Related: *"High-bandwidth flash progress and future"* (15 comments), https://new...

trollbridge · 2026-03-15T16:01:10 1773590470

Yeah, I've wondered if we might see a revival of this kind of technology.

Weryj · 2026-03-15T17:55:12 1773597312

I’ve been considering buying 8x64g models and setting them as equal priority swap disks (to mitigate the low throughput) for this exact reason.

MrDrMcCoy · 2026-03-15T19:11:29 1773601889

Can confirm doing so is awesome. Get some slightly bigger ones and partition them for additional use as zil. They're extremely satisfying to use, and depressing to remember that we'll never see their like again.

Weryj · 2026-03-19T08:49:23 1773910163

Do you have any more details? This is such a niche idea, that I’d be buying blind.

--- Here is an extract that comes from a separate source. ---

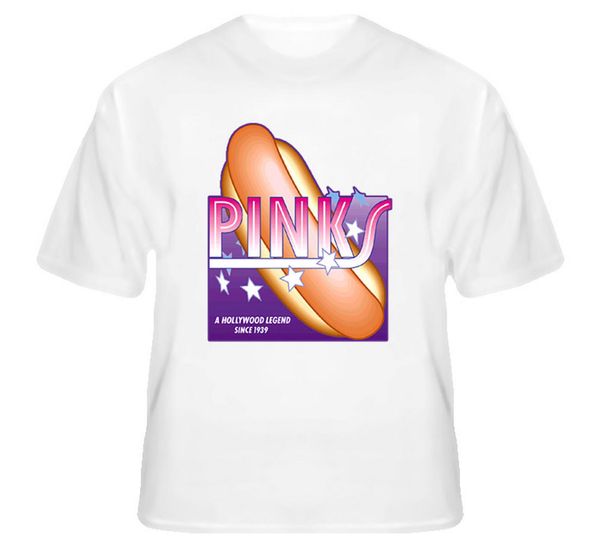 pinks hollywood ogs restaurant t shirt men black short sleeve cotton hip hop t-shirt print tee shirts text
pinks hollywood ogs restaurant t shirt men black short sleeve cotton hip hop t-shirt print tee shirts text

MrDrMcCoy · 2026-03-19T21:36:43 1773956203

Sure! This is more or less how I'm using Optane in my storage box:

Two of U.2x4 to PCIe x16 riser cards, one loaded with 960GB Intel-branded Optanes, one with 1.5TB IBM-branded. PCIe bifurcation is set up in the BIOS to let them all come up properly, where they just show as regular NVMe. Riser cards like this can easily be substituted for PCIe to SAS/Oculink to U.2 cables, if that would be more accommodating to your chassis.

Once they all come up, partition them for your preferred split of swap and ZFS special. Swap should have them all mounted with the same priority and discard=pages, I also recommend setting up zswap (not zram swap) with lz4 as an additional layer of fast, evictable memory pool, as well as `vm.overcommit_memory=2` and `vm.swappiness=150`. This will effectively give you really good memory tiering for workloads and file cache.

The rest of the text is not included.